Tanya
:
Mohon dijelaskan waktu pelaksanaan shalat Jum’at yang afdlal. Beberapa orang mengatakan bahwa pelaksanaan shalat Jum’at diperbolehkan untuk dilaksanakan sebelum tergelincir matahari. Syukran.

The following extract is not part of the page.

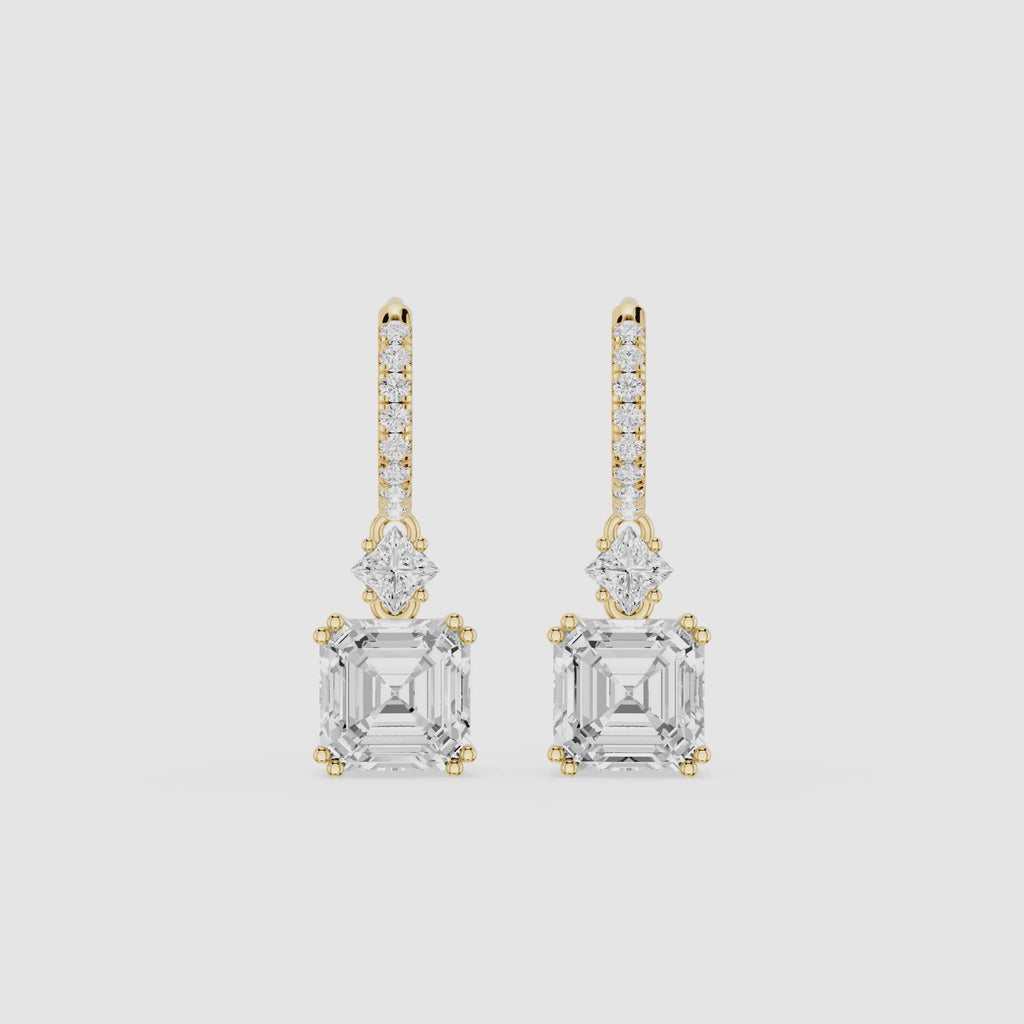Emerald & Princess Diamond Drop Earrings with Lab Grown Diamonds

Mohon dijelaskan waktu pelaksanaan shalat Jum’at yang afdlal. Beberapa orang mengatakan bahwa pelaksanaan shalat Jum’at diperbolehkan untuk dilaksanakan sebelum tergelincir matahari. Syukran.
Jawab
:
Mengenai waktu pelaksanaan shalat Jum’at, dalam hal ini ada 2 khilaf yang sangat
masyhur di kalangan ulama :
1. Sah dilakukan sebelum zawal
(matahari tergelincir di siang hari – sama seperti waktu Dhuhur). Ini merupakan
pendapat Ahmad dan Ishaq. Yang menjadi dalil adalah :
وَعَنْ سَلَمَةَ بْنِ اَلْأَكْوَعِ قَالَ: كُنَّا نُصَلِّي مَعَ رَسُولِ اَللَّهِ
اَلْجُمُعَةَ, ثُمَّ نَنْصَرِفُ وَلَيْسَ لِلْحِيطَانِ ظِلٌّ نَسْتَظِلُّ بِه
(صحيح. رواه البخاري (4168)، ومسلم (860))
Dari Salamah bin Al-Akwa’ radliyallaahu ‘anhu ia berkata : ”Kami shalat bersama Rasulullah shallallaahu
‘alaihi wasallam pada hari Jum’at, kemudian kami bubar yang pada saat itu
tembok-tembok tidak mempunyai bayangan untuk berteduh [Shahih, diriwayatkan
oleh Al-Bukhari nomor 4168 dan Muslim nomor 860].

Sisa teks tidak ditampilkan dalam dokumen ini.